## Instructions for the task
Restate exactly the lines from the top of the listing below to the line containing "Traueranzeige von Michael"; the remaining lines are not wanted.

## Entries shown
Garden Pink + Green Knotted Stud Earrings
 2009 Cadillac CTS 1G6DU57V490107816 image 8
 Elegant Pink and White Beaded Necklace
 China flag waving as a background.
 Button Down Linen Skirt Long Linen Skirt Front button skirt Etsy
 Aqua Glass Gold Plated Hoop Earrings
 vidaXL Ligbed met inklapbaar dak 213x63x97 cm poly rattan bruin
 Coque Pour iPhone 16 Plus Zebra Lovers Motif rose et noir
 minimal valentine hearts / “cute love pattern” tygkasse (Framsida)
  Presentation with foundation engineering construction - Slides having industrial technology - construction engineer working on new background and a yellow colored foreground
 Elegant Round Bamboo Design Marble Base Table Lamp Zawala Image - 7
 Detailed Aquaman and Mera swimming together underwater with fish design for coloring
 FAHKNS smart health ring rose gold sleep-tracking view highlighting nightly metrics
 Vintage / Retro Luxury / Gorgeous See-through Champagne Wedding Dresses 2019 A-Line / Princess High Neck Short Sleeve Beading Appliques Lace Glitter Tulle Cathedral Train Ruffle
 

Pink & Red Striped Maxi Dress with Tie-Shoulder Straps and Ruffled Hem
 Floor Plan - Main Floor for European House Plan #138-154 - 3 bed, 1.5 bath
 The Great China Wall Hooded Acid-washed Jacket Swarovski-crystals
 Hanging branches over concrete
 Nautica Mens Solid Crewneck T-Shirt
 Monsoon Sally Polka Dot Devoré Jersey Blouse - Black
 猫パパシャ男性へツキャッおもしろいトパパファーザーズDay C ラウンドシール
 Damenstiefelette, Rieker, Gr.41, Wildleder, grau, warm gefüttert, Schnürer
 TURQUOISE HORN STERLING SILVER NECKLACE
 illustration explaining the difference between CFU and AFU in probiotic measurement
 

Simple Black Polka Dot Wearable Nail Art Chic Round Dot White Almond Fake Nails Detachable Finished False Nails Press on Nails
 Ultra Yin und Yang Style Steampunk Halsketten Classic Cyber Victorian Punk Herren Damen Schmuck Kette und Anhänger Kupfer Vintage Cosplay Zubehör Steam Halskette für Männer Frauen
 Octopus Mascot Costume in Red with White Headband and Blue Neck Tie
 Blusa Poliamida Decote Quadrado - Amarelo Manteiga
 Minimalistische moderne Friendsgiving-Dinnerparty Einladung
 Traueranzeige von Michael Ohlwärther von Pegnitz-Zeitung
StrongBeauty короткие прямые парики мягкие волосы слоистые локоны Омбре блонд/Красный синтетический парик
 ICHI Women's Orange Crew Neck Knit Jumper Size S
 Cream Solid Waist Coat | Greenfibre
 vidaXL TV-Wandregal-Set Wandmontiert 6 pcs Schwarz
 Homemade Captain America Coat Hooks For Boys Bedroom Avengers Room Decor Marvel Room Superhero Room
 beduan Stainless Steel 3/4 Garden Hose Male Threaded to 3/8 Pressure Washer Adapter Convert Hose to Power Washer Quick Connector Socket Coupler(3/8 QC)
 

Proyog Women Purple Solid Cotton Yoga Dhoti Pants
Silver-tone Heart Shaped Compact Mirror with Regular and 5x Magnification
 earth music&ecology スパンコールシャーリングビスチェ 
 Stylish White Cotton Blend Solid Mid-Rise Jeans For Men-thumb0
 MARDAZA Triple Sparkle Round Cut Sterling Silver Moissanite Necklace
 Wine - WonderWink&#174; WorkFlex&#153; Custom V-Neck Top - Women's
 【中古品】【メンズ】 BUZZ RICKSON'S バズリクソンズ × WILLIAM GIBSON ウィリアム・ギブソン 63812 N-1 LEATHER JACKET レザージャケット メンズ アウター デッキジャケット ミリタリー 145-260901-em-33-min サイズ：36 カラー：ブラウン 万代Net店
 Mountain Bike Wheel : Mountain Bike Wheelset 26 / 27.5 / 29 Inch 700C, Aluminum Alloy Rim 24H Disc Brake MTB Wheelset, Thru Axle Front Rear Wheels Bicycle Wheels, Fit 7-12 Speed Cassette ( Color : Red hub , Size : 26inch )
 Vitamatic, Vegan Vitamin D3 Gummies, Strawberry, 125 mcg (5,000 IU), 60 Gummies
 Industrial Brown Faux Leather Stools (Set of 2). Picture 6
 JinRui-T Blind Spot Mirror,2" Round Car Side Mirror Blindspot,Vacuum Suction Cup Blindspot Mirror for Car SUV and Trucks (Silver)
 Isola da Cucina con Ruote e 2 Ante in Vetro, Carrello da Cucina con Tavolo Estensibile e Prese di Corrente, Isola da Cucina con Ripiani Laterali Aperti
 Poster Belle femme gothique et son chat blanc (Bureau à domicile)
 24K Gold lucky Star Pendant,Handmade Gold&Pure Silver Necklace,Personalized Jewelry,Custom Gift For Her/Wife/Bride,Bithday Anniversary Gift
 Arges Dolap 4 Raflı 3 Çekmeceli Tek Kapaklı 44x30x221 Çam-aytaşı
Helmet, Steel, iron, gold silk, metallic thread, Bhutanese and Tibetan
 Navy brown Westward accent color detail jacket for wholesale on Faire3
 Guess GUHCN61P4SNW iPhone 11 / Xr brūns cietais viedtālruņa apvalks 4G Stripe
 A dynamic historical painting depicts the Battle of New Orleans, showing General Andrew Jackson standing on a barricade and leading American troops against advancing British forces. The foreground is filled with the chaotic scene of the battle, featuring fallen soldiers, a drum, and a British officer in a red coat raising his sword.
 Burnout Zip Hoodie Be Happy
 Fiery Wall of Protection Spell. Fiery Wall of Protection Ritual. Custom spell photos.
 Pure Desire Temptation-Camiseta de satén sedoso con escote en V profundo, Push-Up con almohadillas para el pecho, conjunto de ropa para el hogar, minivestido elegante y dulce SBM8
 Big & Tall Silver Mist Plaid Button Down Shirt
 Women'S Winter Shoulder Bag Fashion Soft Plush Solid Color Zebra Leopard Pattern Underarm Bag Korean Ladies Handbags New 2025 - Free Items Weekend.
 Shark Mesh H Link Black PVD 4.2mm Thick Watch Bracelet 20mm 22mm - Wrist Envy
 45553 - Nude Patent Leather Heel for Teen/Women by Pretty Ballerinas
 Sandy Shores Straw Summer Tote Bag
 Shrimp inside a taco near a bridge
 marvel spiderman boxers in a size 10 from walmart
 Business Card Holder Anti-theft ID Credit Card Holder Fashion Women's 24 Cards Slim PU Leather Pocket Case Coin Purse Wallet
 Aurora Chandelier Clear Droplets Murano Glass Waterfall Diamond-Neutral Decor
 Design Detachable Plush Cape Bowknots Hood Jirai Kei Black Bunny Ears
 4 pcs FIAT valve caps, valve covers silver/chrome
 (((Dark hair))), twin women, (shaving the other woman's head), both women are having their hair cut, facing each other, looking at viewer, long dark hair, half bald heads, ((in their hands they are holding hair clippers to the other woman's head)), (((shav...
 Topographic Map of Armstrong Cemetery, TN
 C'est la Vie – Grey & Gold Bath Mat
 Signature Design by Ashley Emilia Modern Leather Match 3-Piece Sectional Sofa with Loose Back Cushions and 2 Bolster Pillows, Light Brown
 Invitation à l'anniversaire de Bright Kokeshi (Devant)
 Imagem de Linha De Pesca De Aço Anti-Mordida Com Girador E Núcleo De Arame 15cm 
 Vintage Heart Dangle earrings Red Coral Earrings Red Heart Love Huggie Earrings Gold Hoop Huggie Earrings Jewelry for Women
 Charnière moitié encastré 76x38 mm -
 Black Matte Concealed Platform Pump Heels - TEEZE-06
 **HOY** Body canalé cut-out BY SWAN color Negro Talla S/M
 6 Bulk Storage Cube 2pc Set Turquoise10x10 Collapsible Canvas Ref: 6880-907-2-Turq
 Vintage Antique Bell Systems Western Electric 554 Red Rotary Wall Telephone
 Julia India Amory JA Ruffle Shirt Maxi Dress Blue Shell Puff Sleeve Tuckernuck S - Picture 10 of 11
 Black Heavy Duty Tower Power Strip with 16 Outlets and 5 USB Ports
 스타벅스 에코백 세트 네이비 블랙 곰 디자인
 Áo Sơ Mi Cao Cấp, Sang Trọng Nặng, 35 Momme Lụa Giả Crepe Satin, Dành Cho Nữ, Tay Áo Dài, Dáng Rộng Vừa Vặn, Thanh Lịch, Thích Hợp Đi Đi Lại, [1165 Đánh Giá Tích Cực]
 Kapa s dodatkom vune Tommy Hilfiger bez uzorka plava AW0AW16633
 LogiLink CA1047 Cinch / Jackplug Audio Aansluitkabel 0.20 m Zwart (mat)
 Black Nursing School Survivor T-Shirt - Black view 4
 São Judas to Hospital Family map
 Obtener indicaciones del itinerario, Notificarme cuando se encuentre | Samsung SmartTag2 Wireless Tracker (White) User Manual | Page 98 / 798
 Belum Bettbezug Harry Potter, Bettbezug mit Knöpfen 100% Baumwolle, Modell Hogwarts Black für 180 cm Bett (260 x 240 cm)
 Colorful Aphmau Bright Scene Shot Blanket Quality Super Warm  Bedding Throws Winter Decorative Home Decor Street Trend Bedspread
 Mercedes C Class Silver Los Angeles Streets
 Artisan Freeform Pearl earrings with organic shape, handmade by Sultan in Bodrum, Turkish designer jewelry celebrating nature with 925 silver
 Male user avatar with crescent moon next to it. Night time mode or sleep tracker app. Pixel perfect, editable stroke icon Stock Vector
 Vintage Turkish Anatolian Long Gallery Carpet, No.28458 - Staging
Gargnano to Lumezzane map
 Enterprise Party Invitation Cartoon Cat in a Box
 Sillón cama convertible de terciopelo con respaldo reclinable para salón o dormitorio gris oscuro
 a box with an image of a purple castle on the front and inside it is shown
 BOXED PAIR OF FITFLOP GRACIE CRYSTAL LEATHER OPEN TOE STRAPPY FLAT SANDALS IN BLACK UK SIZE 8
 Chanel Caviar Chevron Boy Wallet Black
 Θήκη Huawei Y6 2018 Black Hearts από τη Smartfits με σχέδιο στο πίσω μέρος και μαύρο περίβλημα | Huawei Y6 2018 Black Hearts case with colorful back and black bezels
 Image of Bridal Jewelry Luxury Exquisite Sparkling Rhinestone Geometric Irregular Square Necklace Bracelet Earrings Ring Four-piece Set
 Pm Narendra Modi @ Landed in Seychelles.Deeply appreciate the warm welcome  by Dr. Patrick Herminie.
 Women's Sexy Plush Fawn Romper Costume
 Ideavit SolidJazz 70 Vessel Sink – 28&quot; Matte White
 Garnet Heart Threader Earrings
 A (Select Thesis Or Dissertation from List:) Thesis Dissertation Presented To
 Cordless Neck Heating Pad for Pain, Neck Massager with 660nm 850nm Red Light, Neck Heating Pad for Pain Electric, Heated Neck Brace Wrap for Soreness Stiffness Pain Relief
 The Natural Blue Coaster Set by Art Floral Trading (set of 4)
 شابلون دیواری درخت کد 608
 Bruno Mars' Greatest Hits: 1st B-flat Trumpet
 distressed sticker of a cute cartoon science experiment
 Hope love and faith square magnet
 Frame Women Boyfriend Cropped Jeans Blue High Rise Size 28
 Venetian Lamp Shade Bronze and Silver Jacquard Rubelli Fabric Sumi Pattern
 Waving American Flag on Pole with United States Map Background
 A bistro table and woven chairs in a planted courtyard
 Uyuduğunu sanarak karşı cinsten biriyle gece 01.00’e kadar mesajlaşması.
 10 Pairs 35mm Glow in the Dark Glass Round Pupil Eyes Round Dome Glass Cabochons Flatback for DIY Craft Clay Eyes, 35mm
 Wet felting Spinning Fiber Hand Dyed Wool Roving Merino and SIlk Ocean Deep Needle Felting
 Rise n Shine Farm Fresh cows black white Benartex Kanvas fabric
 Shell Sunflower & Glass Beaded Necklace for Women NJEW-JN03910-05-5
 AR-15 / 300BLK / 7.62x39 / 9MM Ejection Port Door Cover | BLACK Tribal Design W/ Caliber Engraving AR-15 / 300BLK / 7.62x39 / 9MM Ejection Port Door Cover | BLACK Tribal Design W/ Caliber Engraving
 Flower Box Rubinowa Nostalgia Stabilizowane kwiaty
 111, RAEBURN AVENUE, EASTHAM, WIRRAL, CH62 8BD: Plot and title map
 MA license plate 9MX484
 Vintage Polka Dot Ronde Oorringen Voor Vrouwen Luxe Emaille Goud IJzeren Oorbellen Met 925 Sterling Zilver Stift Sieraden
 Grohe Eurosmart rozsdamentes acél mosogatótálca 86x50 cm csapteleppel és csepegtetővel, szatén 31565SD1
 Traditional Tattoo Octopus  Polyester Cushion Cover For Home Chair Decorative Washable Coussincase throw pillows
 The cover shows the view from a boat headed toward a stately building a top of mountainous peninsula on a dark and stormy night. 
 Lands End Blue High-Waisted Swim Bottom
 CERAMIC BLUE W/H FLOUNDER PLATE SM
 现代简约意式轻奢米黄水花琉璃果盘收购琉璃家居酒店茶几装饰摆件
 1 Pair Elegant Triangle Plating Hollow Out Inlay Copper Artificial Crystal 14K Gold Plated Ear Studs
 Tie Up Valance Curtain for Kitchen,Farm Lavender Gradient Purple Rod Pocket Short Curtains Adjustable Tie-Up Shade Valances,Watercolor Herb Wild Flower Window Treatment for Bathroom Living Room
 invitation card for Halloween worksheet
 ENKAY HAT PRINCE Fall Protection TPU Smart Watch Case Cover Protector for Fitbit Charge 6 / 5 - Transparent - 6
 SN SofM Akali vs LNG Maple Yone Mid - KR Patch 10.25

## Solution to this exercise
Garden Pink + Green Knotted Stud Earrings
 2009 Cadillac CTS 1G6DU57V490107816 image 8
 Elegant Pink and White Beaded Necklace
 China flag waving as a background.
 Button Down Linen Skirt Long Linen Skirt Front button skirt Etsy
 Aqua Glass Gold Plated Hoop Earrings
 vidaXL Ligbed met inklapbaar dak 213x63x97 cm poly rattan bruin
 Coque Pour iPhone 16 Plus Zebra Lovers Motif rose et noir
 minimal valentine hearts / “cute love pattern” tygkasse (Framsida)
  Presentation with foundation engineering construction - Slides having industrial technology - construction engineer working on new background and a yellow colored foreground
 Elegant Round Bamboo Design Marble Base Table Lamp Zawala Image - 7
 Detailed Aquaman and Mera swimming together underwater with fish design for coloring
 FAHKNS smart health ring rose gold sleep-tracking view highlighting nightly metrics
 Vintage / Retro Luxury / Gorgeous See-through Champagne Wedding Dresses 2019 A-Line / Princess High Neck Short Sleeve Beading Appliques Lace Glitter Tulle Cathedral Train Ruffle
 

Pink & Red Striped Maxi Dress with Tie-Shoulder Straps and Ruffled Hem
 Floor Plan - Main Floor for European House Plan #138-154 - 3 bed, 1.5 bath
 The Great China Wall Hooded Acid-washed Jacket Swarovski-crystals
 Hanging branches over concrete
 Nautica Mens Solid Crewneck T-Shirt
 Monsoon Sally Polka Dot Devoré Jersey Blouse - Black
 猫パパシャ男性へツキャッおもしろいトパパファーザーズDay C ラウンドシール
 Damenstiefelette, Rieker, Gr.41, Wildleder, grau, warm gefüttert, Schnürer
 TURQUOISE HORN STERLING SILVER NECKLACE
 illustration explaining the difference between CFU and AFU in probiotic measurement
 

Simple Black Polka Dot Wearable Nail Art Chic Round Dot White Almond Fake Nails Detachable Finished False Nails Press on Nails
 Ultra Yin und Yang Style Steampunk Halsketten Classic Cyber Victorian Punk Herren Damen Schmuck Kette und Anhänger Kupfer Vintage Cosplay Zubehör Steam Halskette für Männer Frauen
 Octopus Mascot Costume in Red with White Headband and Blue Neck Tie
 Blusa Poliamida Decote Quadrado - Amarelo Manteiga
 Minimalistische moderne Friendsgiving-Dinnerparty Einladung
 Traueranzeige von Michael Ohlwärther von Pegnitz-Zeitung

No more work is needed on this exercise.